Di antara para mufassir terpopular di
kalangan sahabat Nabi adalah: empat khalifah, Ibnu Mas’ud, Ibnu
Abbas, Ubay bin Ka’ab, Zaid bin Tsabit, Abu Musa Al-Asy’ary
dan Abdullah bin Az-Zubair.
Cukup banyak riwayat-riwayat tentang tafsir
yang diriwayatkan dari beberapa sahabat semisal: Abdullah bin Abbas, Abdullah
bin Mas’ud, Ibay bin Ka’ab. Dan biasanya apa yang diriwayatkan dari mereka
tidaklah selalu mengandung tafsir Al-Qur’an secara utuh, tetapi masih berkisar
tentang makna-makna beberapa ayat, serta penjelasan ayat yang masih samar dan
global.
Adapun dari kalangan tabi’in, tidak sedikit
yang menimba ilmu dari sahabat, dan kemudian melakukan ijtihad dalam
menafsirkan ayat.
Di antara murid-murid Ibnu Abbas yang cukup
masyhur adalah Said bin Jubair, Mujahid, Ikrimah maula Ibnu Abbas, Thawus
bin Kisan Al-Yamany, dan Atha’ bin Abi Rabah.

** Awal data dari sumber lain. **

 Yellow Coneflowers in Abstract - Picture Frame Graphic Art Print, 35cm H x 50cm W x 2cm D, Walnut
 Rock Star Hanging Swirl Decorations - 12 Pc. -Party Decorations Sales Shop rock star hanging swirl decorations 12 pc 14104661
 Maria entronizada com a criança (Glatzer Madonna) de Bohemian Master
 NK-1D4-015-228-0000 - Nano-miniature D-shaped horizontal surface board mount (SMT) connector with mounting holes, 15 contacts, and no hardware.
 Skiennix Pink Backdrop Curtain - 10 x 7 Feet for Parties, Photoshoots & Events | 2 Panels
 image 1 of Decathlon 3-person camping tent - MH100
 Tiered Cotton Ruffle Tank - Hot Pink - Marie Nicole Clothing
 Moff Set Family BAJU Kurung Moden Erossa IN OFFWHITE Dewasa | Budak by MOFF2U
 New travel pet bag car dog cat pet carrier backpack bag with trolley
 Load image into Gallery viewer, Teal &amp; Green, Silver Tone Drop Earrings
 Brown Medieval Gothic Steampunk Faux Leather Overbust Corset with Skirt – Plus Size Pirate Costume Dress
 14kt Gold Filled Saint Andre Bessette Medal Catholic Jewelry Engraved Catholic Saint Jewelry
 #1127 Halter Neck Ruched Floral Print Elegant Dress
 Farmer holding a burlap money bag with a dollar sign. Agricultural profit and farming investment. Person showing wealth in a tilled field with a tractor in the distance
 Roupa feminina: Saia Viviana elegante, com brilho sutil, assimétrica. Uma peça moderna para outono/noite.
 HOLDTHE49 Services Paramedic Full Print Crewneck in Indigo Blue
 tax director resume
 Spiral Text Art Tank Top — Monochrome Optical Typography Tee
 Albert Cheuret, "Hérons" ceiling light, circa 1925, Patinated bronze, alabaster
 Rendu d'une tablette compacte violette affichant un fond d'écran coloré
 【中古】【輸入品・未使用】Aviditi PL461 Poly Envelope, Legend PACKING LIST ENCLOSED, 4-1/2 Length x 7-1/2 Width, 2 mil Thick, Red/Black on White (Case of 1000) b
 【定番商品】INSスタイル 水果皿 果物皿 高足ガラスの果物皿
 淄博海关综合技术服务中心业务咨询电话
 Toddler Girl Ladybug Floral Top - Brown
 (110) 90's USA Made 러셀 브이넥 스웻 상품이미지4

Murid Ubay bin Ka’ab yang popular di Madinah
adalah Zaid bin Aslam, Abul Aliyah, dan Muhammad bin Ka’ab Al-Qurazhi.
Di Irak, terdapat beberapa murid Abdullah bin
Mas’ud yang juga terkenal sebagai mufassir. Mereka yaitu: Alqamah bin Qais,
Masruq bin Al-Ajda’, Aswad bin Yazid, Amir Asy-Sya’by, Hasan Al-Bashry, dan
Qatadah bin Di’amah As-Sadusy.
Menurut Ibnu Taimiyyah, ada beberapa orang
yang terkemuka dalam bidang tafsir ini di Makkah. Mereka adalah sahabat-sahabat
Ibnu Abbas seperti: Mujahid, Atha’ bin Abi Rabah, Ikrimah maula Ibnu Abbas,
Thawus bin Kisan, Abu Asy-Sya’tsa’, Said bin Jubair dan lain-lain. Demikian
juga di Kufah dari kalangan sahabat-sahabat Ibnu Mas’ud. Sedangkan ulama tafsir
di Madinah, yaitu: Zaid bin Aslam (guru Imam Malik_, Abdurrahman bin Zaid, dan
Abdullah bin Wahab.[3]
Adapun jenis ilmu yang diriwayatkan dari
mereka itu mencakup: ilmu tafsir, ilmu gharib Al-Qur’an, ilmu asbaab
an-nuzul, ilmu Makkiyyah-Madaniyyah dan ilmu naasikh-mansuukh.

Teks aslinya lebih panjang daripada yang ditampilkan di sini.